Thanks a lot, Wes. That makes it very clear.
Just to convince myself, I also ran the parquet-tools dump for a single
column "user" and I could cross check the six instances in the binary and
the dump. I see the first one is a rowgroup level stats, the second one is
a page level stats and finally the pair.
The data used was :
val tweet1 = TweetAvro
.newBuilder
.setTarget(1)
.setId(123)
.setDate("Saturday 8th, June")
.setUser("nus1")
.setText("Parquet tweet1")
.build()
val tweet2 = TweetAvro
.newBuilder
.setTarget(2)
.setId(234)
.setDate("Sunday 9th, June")
.setUser("nus2")
.setText("Parquet tweet2")
.build()
*parquet-tools dump -c user -n serialized_parquet_file.parquet*
row group 0
--------------------------------------------------------------------------------
user: BINARY UNCOMPRESSED DO:0 FPO:235 SZ:49/49/1.00 VC:2
ENC:PLAIN,BIT_PACKED ST:[*min: nus1, max: nus2*, num_nulls: 0]
user TV=2 RL=0 DL=0
----------------------------------------------------------------------------
page 0: DLE:BIT_PACKED RLE:BIT_PACKED VLE:PLAIN ST:[*min: nus1, max:
nus2,* num_nulls: 0] SZ:16 VC:2
BINARY user
--------------------------------------------------------------------------------
*** row group 1 of 1, values 1 to 2 ***
value 1: R:0 D:0 *V:nus1*
value 2: R:0 D:0 *V:nus2*
Thanks a ton, again.
Cheers,
Arun
On Tue, Feb 26, 2019 at 10:14 PM Arun Manivannan <[email protected]> wrote:
> Hi,
>
> Apologies in advance if this a silly question.
>
> I was trying to compare the various data formats as an exercise and I
> noticed that the size of a parquet output file is huge (2 KB) compared to
> thrift (79 bytes), PB (45 bytes) or Avro (333 bytes). I thought the issue
> was with Spark and then I used a ThriftParquetWriter to write a single
> record (AvroParquetWriter yielded the same result too, the tiny difference
> in bytes is because of the schema part). The trouble is that I see 5
> instances of the data in the binary (hence the 2KB) size.
>
> Could someone explain or point me to a link that explains why this is the
> case?
>
> This is parquet 1.8.2 and I haven't tried any lower version.
>
> *Binary : *
> [image: image.png]
>
> *Code (Thrift): *
>
> def serialize(t: TweetThrift, file: File) = {
> val dataFileWriter = new ThriftParquetWriter[TweetThrift](new
> Path(file.getAbsolutePath),
> classOf[TweetThrift],
> CompressionCodecName.UNCOMPRESSED)
> dataFileWriter.write(t)
> dataFileWriter.close()
> }
>
> val tweet = new TweetThrift(1, 123, "Saturday 8th, June", "arunma")

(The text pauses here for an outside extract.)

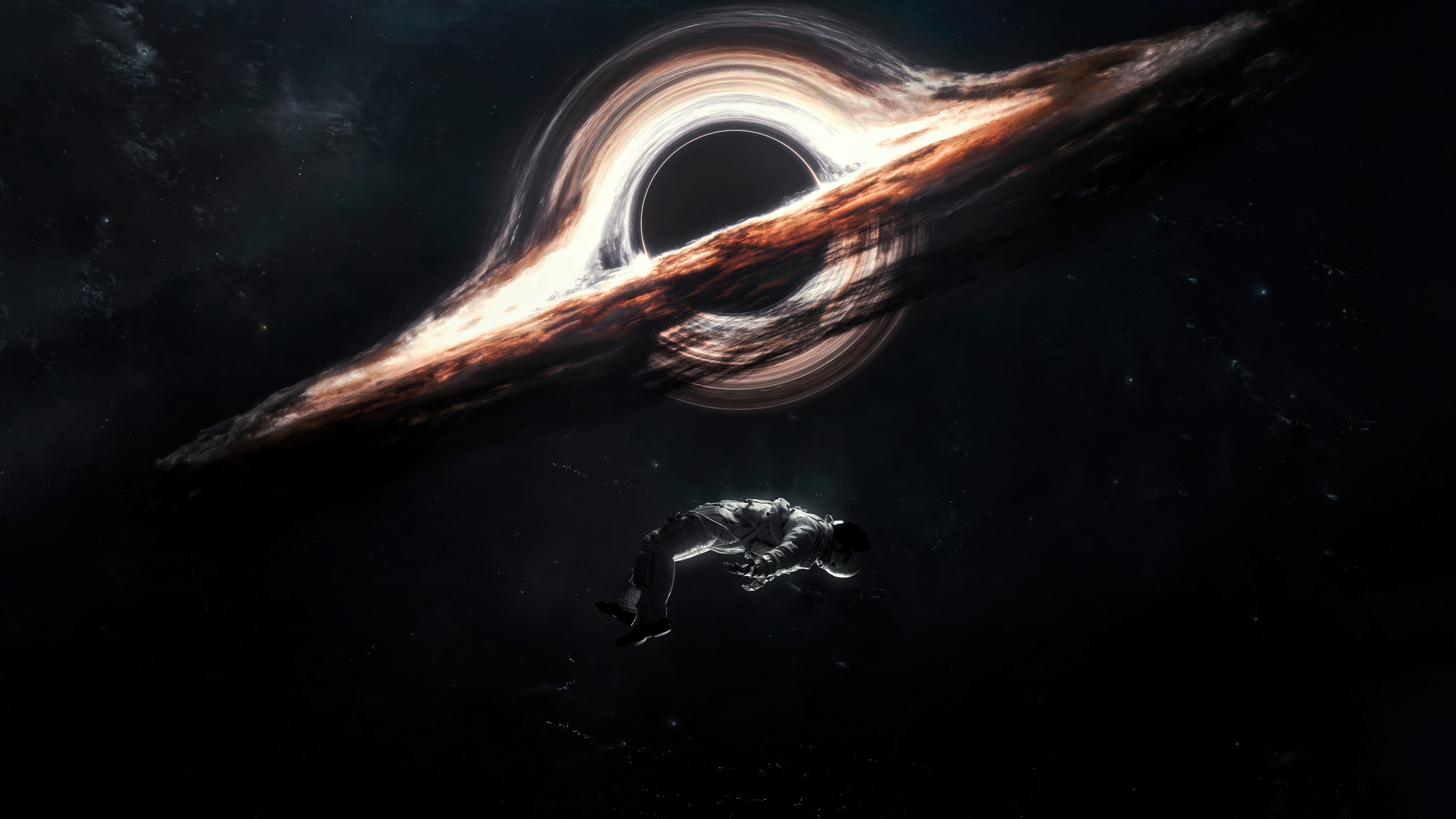 Astronaut floating near a black hole 4K HD Wallpaper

> tweet.setText("First tweet")
> ParquetSerDe.serialize(tweet, file)
>
>
> *Code (Avro): *
>
> val file = new File ("serialized_parquet_file.parquet")
> val tweet = TweetAvro
> .newBuilder
> .setTarget(1)
> .setId(123)
> .setDate("Saturday 8th, June")
> .setUser("arunma")
> .setText("Parquet tweet")
> .build()
>
> ParquetSerDe.serialize(tweet, TweetAvro.SCHEMA$, file)
>
>
>
> Cheers,
>
> Arun
>
>